** Work order **
Go through the records below and write each one out again unchanged.

########################################

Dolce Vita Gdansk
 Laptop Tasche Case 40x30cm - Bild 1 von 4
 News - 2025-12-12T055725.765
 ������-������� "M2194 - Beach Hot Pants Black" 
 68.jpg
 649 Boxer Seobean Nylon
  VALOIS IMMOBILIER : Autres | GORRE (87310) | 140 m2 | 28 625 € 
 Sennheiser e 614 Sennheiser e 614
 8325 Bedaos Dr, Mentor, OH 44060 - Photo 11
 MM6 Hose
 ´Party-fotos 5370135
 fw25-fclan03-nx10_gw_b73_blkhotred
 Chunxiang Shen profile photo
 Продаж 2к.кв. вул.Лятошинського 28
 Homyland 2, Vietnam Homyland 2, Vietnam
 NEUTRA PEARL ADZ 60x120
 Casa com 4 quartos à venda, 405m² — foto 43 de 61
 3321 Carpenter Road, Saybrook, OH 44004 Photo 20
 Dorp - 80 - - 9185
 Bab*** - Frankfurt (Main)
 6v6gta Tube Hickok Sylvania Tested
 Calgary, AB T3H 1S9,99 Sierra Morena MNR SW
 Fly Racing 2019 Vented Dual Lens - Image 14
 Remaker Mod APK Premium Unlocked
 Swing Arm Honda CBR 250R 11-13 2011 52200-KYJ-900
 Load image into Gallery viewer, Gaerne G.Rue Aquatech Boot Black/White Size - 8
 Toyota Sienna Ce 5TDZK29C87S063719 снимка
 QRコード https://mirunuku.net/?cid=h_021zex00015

########################################

** Output below **
Dolce Vita Gdansk
 Laptop Tasche Case 40x30cm - Bild 1 von 4
 News - 2025-12-12T055725.765
 ������-������� "M2194 - Beach Hot Pants Black" 
 68.jpg
 649 Boxer Seobean Nylon
  VALOIS IMMOBILIER : Autres | GORRE (87310) | 140 m2 | 28 625 € 
 Sennheiser e 614 Sennheiser e 614
 8325 Bedaos Dr, Mentor, OH 44060 - Photo 11
 MM6 Hose
 ´Party-fotos 5370135
 fw25-fclan03-nx10_gw_b73_blkhotred
 Chunxiang Shen profile photo
 Продаж 2к.кв. вул.Лятошинського 28
 Homyland 2, Vietnam Homyland 2, Vietnam
 NEUTRA PEARL ADZ 60x120
 Casa com 4 quartos à venda, 405m² — foto 43 de 61
 3321 Carpenter Road, Saybrook, OH 44004 Photo 20
 Dorp - 80 - - 9185
 Bab*** - Frankfurt (Main)
 6v6gta Tube Hickok Sylvania Tested
 Calgary, AB T3H 1S9,99 Sierra Morena MNR SW
 Fly Racing 2019 Vented Dual Lens - Image 14
 Remaker Mod APK Premium Unlocked
 Swing Arm Honda CBR 250R 11-13 2011 52200-KYJ-900
 Load image into Gallery viewer, Gaerne G.Rue Aquatech Boot Black/White Size - 8
 Toyota Sienna Ce 5TDZK29C87S063719 снимка
 QRコード https://mirunuku.net/?cid=h_021zex00015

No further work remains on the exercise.